> _ACTIVITY_: Please reproduce each line of the data below as it stands.

(Entries taken from a collection)
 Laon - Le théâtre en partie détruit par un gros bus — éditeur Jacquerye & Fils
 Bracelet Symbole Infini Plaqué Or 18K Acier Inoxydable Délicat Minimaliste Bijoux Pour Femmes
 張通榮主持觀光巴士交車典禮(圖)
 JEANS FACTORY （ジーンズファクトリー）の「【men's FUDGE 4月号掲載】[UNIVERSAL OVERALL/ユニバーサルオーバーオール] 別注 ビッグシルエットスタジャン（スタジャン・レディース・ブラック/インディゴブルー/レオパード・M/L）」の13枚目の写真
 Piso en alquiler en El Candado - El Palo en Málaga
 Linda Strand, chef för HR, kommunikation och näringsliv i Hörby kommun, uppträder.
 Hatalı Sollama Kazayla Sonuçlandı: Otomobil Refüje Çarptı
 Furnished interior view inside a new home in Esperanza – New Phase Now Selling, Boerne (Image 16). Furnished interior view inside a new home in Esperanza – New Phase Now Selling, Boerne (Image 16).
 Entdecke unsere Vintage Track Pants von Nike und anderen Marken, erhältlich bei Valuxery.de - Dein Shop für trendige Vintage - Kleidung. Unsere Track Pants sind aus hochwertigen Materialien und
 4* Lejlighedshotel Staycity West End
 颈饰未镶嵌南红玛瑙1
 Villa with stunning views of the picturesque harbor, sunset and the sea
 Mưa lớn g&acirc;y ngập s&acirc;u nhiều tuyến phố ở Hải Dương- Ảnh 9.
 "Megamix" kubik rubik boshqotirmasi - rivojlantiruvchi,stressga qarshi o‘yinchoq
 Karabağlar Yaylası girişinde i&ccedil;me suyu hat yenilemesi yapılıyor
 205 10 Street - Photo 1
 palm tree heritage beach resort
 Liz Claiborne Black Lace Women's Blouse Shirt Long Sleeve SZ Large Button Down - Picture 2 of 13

> _ANSWER SPACE_:
 Laon - Le théâtre en partie détruit par un gros bus — éditeur Jacquerye & Fils
 Bracelet Symbole Infini Plaqué Or 18K Acier Inoxydable Délicat Minimaliste Bijoux Pour Femmes
 張通榮主持觀光巴士交車典禮(圖)
 JEANS FACTORY （ジーンズファクトリー）の「【men's FUDGE 4月号掲載】[UNIVERSAL OVERALL/ユニバーサルオーバーオール] 別注 ビッグシルエットスタジャン（スタジャン・レディース・ブラック/インディゴブルー/レオパード・M/L）」の13枚目の写真
 Piso en alquiler en El Candado - El Palo en Málaga
 Linda Strand, chef för HR, kommunikation och näringsliv i Hörby kommun, uppträder.
 Hatalı Sollama Kazayla Sonuçlandı: Otomobil Refüje Çarptı
 Furnished interior view inside a new home in Esperanza – New Phase Now Selling, Boerne (Image 16). Furnished interior view inside a new home in Esperanza – New Phase Now Selling, Boerne (Image 16).
 Entdecke unsere Vintage Track Pants von Nike und anderen Marken, erhältlich bei Valuxery.de - Dein Shop für trendige Vintage - Kleidung. Unsere Track Pants sind aus hochwertigen Materialien und
 4* Lejlighedshotel Staycity West End
 颈饰未镶嵌南红玛瑙1
 Villa with stunning views of the picturesque harbor, sunset and the sea
 Mưa lớn g&acirc;y ngập s&acirc;u nhiều tuyến phố ở Hải Dương- Ảnh 9.
 "Megamix" kubik rubik boshqotirmasi - rivojlantiruvchi,stressga qarshi o‘yinchoq
 Karabağlar Yaylası girişinde i&ccedil;me suyu hat yenilemesi yapılıyor
 205 10 Street - Photo 1
 palm tree heritage beach resort
 Liz Claiborne Black Lace Women's Blouse Shirt Long Sleeve SZ Large Button Down - Picture 2 of 13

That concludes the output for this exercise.